You can parse your weird input data with a series of nested regular expressions, using RegExp.exec() and one String.split().
const data = "[{Date: 2002,Entity Taking Action: Maryland Board ,Action Taken: Reprimand},{Date: 2002,Entity Taking Action: Massachusetts Board,Action Taken: Consent order because of Maryland Board},{Date: 2007,Entity Taking Action: North Carolina Medical Board,Action Taken: Consent order because of Maryland Board action},{Date: 2013,Entity Taking Action: NC Medical Board,Action Taken: Letter of concern for not reporting previous NC consent order on reactivation of NC licence}]"
const array = []
console.log ('data', data);
const regex1 = RegExp(/^\[(.*?)\]$/, 'g')
while (true) {
const rr1 = regex1.exec(data)
if (!rr1) break
const r1 = rr1[1]
const regex2 = RegExp(/{(.+?)},?/, 'g')
while (true) {
let rr2 = regex2.exec(rr1)
if (!rr2) break
const r2 = rr2[1]
const item = {}
console.log('item', r2)
const splits = r2.split(',')
for (let key in splits) {
let tagValue = splits[key]
console.log ('tagValue', tagValue)
const regex4 = RegExp(/ *(.+): *(.+) */, 'g')
while (true) {
const rr4=regex4.exec(tagValue)
if (!rr4) break
const tag = rr4[1]
const val = rr4[2]
item[tag] = val
console.log ('field', tag, val)
}
}
array.push(item)
console.log ('item', item)
}
}
console.log(JSON.stringify(array))
The outermost RegExp(/^\[(.*?)\]$/, 'g')
removes the []
delimiters.
The next one RegExp(/{(.+?)},?/, 'g')
splits up your {some thing},{another thing},{yet another}
data into some thing
, another thing
, and yet another
, removing the {}
curly braces as it does so.
The string.split turns your Tag: value, Tag: value
sequence into individual Tag: value
items.
And the innermost RegExp(/ *(.+): *(.+) */, 'g')
turns those into tag
and val
items.
You know, it's said that if you solve a problem with a regular expression, you then have two problems.

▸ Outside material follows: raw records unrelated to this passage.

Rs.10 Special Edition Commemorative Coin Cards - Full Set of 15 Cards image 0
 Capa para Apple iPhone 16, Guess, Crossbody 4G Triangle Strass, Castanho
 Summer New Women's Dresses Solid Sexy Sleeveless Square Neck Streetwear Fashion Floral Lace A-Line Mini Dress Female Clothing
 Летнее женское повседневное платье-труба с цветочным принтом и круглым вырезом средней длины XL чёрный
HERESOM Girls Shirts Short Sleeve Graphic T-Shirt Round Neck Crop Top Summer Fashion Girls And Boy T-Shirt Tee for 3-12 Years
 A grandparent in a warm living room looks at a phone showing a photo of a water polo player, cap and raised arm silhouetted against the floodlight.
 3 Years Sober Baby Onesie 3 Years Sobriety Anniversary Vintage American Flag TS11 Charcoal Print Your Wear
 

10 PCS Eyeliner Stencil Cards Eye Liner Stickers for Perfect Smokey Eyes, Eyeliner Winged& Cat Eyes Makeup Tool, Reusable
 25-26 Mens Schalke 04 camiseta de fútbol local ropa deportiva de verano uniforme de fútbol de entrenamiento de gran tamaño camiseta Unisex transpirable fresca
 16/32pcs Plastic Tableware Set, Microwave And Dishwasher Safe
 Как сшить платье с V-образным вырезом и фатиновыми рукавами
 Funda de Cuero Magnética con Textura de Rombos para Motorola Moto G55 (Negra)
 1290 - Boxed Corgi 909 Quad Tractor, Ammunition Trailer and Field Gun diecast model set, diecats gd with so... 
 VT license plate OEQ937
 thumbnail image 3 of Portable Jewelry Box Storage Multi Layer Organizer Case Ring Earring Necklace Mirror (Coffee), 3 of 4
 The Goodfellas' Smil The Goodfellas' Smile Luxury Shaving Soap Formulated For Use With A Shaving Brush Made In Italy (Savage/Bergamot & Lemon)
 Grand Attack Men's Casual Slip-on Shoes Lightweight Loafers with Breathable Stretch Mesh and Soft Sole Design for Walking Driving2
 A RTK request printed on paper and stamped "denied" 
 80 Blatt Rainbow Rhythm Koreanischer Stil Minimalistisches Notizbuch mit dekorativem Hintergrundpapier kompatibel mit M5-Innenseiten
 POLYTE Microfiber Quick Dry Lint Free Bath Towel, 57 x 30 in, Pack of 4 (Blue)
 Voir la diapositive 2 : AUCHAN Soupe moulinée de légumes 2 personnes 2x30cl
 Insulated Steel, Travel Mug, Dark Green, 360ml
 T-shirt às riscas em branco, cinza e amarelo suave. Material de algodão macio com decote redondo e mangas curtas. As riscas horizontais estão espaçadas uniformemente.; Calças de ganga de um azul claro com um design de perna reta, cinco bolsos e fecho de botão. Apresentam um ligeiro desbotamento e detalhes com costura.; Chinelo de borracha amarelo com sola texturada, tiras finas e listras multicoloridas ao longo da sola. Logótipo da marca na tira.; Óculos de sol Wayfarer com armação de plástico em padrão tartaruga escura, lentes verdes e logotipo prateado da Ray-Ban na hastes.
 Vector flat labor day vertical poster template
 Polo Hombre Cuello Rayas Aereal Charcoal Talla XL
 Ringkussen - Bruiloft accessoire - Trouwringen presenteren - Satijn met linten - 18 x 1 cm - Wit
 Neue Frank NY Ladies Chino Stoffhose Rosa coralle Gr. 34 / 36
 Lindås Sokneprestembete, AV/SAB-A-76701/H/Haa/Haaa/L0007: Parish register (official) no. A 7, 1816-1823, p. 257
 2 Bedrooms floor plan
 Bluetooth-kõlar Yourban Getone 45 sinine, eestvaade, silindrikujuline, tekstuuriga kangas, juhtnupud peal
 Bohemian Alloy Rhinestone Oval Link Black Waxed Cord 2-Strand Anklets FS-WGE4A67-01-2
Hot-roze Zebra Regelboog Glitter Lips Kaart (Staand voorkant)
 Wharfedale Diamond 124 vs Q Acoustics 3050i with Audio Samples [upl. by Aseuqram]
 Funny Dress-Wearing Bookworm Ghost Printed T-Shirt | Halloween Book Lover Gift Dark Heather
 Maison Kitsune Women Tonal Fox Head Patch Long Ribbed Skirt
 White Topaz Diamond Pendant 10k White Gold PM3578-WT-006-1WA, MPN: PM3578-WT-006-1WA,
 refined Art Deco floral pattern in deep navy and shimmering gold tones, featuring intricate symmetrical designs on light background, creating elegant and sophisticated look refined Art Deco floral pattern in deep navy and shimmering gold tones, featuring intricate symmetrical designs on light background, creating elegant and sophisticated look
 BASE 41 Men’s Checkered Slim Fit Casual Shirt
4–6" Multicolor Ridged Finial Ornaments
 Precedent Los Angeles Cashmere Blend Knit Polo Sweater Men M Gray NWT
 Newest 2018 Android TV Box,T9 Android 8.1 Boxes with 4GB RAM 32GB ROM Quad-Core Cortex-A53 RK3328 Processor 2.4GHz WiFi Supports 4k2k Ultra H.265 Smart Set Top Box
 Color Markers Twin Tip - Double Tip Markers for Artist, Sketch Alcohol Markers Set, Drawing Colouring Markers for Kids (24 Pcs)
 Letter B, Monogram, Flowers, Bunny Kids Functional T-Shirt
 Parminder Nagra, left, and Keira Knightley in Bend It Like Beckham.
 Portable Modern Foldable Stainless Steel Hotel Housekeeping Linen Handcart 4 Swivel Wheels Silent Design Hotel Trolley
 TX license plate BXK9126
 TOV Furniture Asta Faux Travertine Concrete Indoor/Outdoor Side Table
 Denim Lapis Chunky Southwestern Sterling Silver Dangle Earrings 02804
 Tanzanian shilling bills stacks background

This solution uses three regular expressions, so now you have four problems. The point is that regular-expression parsing is brittle. For example, if one of your Action Taken items says Disbarred, then thrown in federal prison
, that extra comma will wreck this parser.
You could write a robust parser for this stuff. But your better bet is to tell the provider of your data you need real JSON.